Una madre de Colorado acusada de asesinar a su hija “Make-a-Wish” de 7 años al fingir que tenía problemas médicos llegó a un acuerdo con los fiscales el lunes, semanas antes de que fuera programada para ser juzgada.

Kelly Turner, de 43 años, se declaró culpable de un delito grave de abuso infantil que causó la muerte por negligencia, un delito grave de robo y un delito grave de fraude caritativo, según la Oficina del Fiscal de Distrito del Condado de Douglas. Otros cargos, incluido el asesinato, fueron desestimados según el acuerdo, dijo a NBC el portavoz Vikki Migoya de la Oficina del Fiscal de Distrito.

Ella enfrenta hasta 16 años de prisión.

Turner fue arrestada en 2019 en relación con la muerte en 2017 de su hija Olivia Gant, quien según Turner sufría de varias enfermedades, incluido un trastorno convulsivo y una acumulación de líquido en las cavidades dentro de su cerebro, según la acusación.

Al momento de su muerte, se creía que había sucumbido a su presunta condición y la causa oficial de la muerte fue fallo intestinal.

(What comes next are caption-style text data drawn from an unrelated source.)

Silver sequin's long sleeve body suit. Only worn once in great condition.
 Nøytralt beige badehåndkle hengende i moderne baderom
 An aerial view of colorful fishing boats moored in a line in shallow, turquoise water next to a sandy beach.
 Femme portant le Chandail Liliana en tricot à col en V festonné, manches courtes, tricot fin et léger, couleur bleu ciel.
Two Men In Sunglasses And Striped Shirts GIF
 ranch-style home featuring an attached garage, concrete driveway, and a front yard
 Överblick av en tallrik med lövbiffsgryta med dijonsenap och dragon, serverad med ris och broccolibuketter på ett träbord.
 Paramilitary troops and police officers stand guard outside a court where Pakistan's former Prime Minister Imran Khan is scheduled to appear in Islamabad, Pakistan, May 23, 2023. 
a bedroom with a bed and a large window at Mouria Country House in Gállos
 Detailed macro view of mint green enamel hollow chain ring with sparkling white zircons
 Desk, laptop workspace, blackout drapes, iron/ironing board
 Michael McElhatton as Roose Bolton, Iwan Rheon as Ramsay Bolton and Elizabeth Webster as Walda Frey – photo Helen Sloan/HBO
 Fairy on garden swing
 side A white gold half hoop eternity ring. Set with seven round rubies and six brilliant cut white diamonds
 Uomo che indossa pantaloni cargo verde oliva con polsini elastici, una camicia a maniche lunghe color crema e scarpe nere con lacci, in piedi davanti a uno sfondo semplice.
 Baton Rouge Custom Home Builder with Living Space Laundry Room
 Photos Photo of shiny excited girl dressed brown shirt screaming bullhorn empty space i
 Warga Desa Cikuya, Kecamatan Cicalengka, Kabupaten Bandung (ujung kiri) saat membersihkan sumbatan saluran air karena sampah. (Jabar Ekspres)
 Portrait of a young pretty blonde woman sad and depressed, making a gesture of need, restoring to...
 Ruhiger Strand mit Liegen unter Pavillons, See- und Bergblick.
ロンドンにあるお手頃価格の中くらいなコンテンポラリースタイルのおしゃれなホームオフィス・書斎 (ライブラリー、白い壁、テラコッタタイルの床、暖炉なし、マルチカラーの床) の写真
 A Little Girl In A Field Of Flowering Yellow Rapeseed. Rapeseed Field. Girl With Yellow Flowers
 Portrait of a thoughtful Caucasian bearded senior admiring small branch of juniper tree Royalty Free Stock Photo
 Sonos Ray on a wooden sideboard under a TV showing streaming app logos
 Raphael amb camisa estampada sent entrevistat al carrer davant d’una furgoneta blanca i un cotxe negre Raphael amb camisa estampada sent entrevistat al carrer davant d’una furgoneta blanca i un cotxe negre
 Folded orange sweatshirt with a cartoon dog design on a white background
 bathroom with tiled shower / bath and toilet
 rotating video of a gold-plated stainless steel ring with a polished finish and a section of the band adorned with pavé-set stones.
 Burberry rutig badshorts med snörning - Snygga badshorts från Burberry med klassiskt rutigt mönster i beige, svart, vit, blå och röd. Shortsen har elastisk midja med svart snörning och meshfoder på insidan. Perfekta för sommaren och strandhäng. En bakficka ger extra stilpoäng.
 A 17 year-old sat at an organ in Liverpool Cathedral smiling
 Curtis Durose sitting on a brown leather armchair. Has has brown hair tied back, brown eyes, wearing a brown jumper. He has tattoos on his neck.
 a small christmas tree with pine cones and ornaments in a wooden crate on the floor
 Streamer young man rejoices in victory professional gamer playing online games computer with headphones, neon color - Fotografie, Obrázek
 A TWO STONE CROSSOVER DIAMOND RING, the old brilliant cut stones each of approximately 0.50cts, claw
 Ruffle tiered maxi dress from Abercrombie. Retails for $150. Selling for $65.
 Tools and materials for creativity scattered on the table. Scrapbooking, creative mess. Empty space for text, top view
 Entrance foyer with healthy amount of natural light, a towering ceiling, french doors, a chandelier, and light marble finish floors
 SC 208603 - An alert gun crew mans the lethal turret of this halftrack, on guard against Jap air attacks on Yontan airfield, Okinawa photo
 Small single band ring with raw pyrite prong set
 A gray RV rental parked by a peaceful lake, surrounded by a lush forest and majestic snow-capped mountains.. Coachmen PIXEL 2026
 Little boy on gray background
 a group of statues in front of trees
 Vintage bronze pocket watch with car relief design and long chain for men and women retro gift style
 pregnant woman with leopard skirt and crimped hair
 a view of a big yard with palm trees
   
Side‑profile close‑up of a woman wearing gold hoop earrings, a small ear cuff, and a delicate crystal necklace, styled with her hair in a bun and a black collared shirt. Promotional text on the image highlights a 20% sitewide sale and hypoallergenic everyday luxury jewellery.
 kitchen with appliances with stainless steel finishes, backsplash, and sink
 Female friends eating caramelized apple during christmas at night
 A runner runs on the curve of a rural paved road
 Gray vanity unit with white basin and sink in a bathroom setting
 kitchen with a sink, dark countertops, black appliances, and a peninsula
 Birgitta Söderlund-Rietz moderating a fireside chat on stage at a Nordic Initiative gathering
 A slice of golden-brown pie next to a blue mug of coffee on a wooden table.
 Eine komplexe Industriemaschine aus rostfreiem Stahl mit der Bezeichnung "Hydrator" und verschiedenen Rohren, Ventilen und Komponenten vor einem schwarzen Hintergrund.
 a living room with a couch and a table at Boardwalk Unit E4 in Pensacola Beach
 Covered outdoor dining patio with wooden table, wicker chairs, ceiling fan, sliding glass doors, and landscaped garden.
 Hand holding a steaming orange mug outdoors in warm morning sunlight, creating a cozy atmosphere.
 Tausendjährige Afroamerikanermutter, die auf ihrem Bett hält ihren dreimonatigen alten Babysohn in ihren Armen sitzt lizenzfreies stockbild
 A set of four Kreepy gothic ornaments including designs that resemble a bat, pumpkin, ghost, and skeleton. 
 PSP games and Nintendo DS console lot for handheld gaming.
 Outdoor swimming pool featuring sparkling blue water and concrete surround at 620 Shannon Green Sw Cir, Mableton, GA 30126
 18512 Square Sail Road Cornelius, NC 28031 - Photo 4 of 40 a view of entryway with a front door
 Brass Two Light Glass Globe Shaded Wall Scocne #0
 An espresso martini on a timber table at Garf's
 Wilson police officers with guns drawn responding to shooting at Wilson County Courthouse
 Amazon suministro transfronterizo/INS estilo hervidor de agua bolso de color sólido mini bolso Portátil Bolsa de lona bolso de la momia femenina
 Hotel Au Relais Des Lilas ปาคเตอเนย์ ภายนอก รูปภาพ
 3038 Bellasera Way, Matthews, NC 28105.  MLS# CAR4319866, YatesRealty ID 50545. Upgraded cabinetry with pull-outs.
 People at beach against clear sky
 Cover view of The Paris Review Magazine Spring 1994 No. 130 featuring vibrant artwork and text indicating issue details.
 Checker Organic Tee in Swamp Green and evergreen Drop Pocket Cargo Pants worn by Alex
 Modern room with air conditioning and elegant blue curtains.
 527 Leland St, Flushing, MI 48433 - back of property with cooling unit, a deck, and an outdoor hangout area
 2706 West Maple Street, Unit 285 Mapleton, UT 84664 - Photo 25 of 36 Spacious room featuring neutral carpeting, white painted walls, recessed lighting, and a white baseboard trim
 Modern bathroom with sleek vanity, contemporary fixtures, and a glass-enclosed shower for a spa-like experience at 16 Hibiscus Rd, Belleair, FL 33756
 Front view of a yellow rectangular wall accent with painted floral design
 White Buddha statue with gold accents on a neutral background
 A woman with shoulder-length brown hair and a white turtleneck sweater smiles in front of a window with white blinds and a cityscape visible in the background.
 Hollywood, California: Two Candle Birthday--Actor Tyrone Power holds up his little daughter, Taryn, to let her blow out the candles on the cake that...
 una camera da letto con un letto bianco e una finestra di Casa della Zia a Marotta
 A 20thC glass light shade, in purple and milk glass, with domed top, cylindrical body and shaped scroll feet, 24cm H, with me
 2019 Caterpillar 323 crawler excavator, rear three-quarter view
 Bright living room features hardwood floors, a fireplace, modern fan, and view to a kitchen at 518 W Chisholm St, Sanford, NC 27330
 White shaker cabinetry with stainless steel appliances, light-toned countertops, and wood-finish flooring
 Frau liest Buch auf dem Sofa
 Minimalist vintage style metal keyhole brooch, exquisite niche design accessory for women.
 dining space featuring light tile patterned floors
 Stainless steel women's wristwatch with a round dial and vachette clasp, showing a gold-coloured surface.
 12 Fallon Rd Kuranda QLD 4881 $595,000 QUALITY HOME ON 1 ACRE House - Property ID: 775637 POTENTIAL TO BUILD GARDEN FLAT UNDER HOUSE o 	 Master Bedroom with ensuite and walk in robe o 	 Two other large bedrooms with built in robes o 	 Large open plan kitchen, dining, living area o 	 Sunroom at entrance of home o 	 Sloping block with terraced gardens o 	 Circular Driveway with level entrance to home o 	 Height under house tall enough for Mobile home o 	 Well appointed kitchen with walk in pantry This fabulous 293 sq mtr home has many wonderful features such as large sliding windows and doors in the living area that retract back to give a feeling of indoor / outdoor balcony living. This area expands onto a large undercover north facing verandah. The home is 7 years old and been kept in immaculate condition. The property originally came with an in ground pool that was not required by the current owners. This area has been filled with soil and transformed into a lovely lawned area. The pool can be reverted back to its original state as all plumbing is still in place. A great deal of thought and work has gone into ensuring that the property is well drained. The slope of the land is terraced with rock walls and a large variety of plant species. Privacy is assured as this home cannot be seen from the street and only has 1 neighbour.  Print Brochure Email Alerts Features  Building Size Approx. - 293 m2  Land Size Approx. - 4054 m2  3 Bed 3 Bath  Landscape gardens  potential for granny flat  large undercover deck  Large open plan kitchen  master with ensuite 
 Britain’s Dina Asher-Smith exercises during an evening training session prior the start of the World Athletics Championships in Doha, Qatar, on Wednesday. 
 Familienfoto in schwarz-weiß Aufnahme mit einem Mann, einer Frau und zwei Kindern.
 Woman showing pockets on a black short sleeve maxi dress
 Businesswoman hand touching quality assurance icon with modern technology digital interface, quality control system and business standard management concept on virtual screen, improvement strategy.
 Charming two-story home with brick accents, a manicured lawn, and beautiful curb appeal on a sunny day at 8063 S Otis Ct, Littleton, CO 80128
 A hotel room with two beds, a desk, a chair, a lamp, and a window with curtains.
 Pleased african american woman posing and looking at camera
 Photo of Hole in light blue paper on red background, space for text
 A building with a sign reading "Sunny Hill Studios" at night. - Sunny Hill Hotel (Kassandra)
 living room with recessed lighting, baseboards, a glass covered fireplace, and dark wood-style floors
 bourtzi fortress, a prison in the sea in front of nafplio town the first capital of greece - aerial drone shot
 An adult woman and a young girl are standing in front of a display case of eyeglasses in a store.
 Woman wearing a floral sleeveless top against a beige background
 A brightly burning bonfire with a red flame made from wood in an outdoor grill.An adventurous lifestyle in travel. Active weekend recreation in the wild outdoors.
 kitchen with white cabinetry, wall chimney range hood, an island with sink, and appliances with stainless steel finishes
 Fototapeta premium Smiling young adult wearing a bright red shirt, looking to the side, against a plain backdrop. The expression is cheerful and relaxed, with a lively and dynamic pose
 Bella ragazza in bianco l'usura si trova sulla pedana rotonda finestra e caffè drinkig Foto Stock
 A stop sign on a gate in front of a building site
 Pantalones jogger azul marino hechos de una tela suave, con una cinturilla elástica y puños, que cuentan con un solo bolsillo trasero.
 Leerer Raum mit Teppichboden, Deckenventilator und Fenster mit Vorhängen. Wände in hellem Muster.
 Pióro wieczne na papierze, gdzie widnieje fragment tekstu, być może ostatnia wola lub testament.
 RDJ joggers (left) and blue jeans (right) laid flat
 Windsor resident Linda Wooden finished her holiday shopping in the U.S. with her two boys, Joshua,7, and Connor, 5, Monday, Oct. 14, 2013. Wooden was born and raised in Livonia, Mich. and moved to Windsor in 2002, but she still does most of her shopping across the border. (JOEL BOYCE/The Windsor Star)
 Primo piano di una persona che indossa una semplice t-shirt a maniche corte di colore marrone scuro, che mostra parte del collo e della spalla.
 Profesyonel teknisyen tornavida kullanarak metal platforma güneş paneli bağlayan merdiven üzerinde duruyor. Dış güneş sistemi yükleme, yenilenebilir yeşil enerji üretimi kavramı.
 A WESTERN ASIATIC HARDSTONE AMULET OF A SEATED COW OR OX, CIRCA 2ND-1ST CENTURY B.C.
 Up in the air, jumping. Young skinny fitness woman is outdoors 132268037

Olivia Gant, que entonces tenía 6 años, viaja junto con el capitán de la policía de Denver, Tim Scudder, en abril de 2017. Departamento de Policía de Denver / The Denver Post vía AP

Las autoridades comenzaron su investigación después de que Turner afirmó que a su otra hija adolescente le habían diagnosticado cáncer, lo que según los registros médicos no era cierto.

En 2018, el cuerpo de Olivia fue exhumado como parte de una investigación y no encontró signos de insuficiencia intestinal, según la acusación. Los funcionarios tampoco encontraron evidencia de que sufriera alguna de las condiciones que su madre había afirmado que padecía.

En 2017, Olivia, quien fue alimentada a través de un tubo de alimentación, fue ingresada en el Children’s Hospital Colorado, donde los médicos dijeron que tenía deficiencias nutricionales. Murió semanas después, después de que Turner decidiera retirarle una sonda de alimentación e imponer una orden de «no resucitar», a pesar de que muchos médicos no creían que tuviera una enfermedad terminal.

Según la acusación, Turner defraudó al sistema Medicaid en más de $ 538,000, así como a dos fundaciones que brindan experiencias memorables a niños con enfermedades terminales. También se alega que robó tanto de una funeraria como de un cementerio que manejaba los arreglos de Olivia.

Los últimos meses de Olivia fueron cubiertos ampliamente por los medios de comunicación locales que cubrieron lo que creían que era una historia conmovedora de la última «lista de deseos» de actividades de una niña con una enfermedad terminal, según KUSA.

Turner está programado para ser sentenciado el 9 de febrero.